EXCERPTED RECORDS:
──────
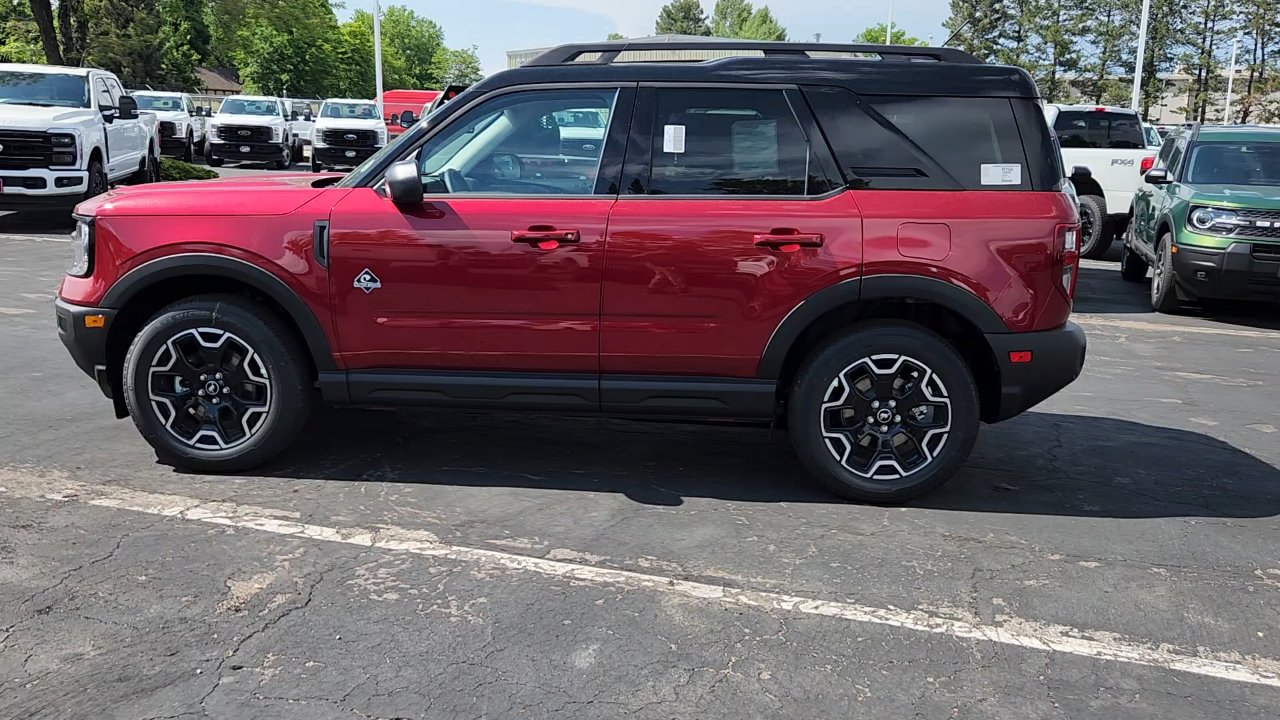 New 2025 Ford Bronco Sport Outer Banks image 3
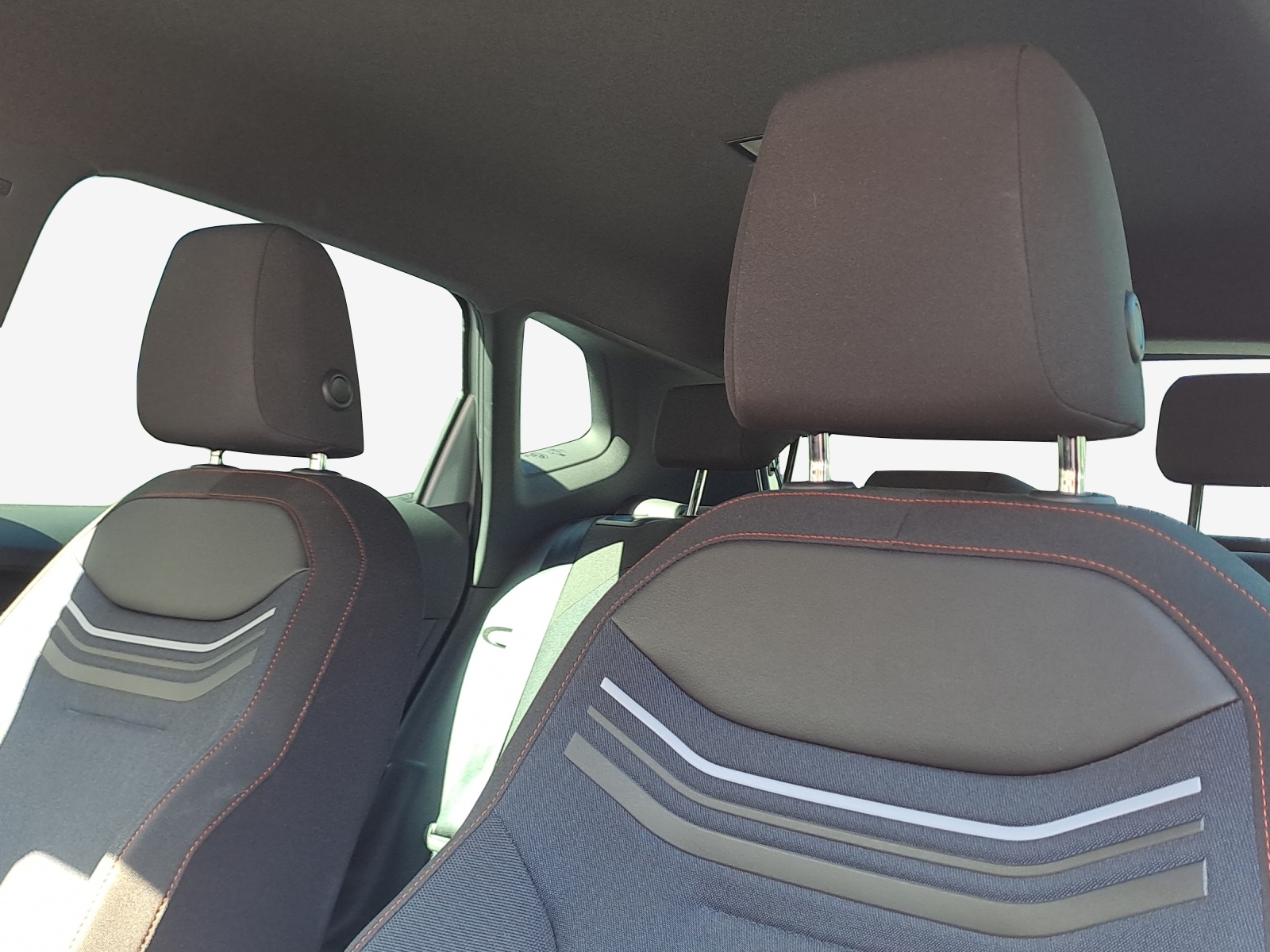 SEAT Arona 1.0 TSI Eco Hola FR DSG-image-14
──────
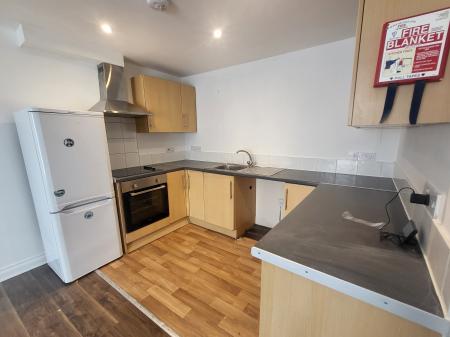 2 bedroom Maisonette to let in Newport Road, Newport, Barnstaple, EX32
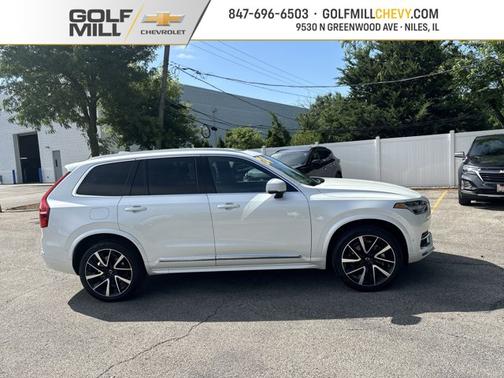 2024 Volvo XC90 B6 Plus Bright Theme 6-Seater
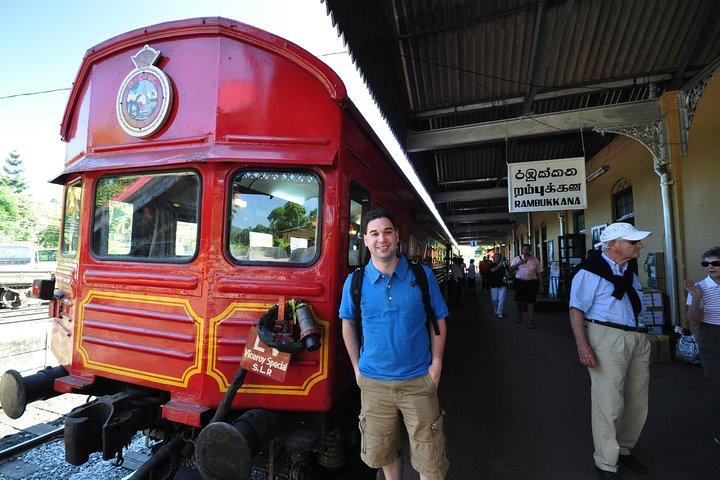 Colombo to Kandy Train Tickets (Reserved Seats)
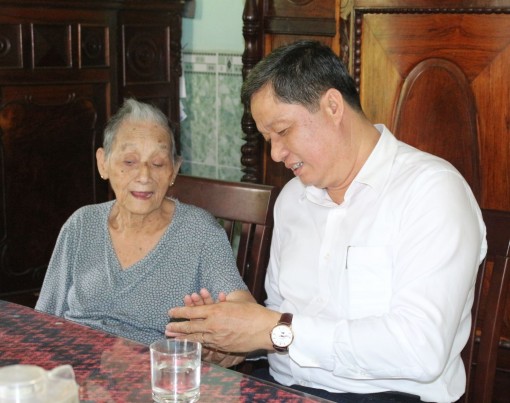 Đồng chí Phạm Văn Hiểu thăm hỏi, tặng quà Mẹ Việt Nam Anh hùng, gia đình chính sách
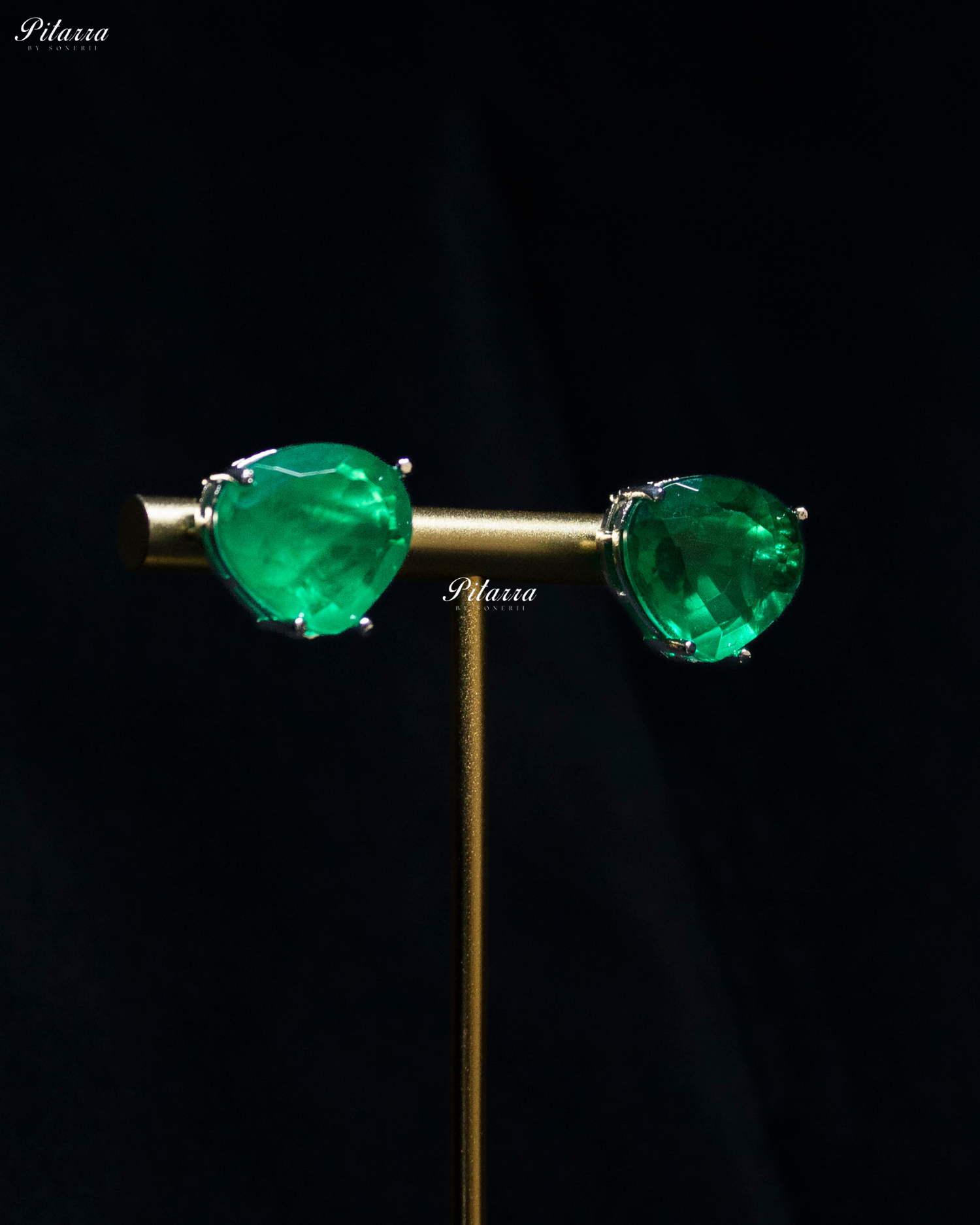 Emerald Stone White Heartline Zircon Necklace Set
──────
TASK PROMPT: In the data above, find the line with "New 2025 Ford" and the line with "SEAT Arona 1.0 TSI Eco Hola FR DSG-image-14". Please copy exactly those two lines and every line between them, but not the pictures.

SOLUTION:
 New 2025 Ford Bronco Sport Outer Banks image 3
 SEAT Arona 1.0 TSI Eco Hola FR DSG-image-14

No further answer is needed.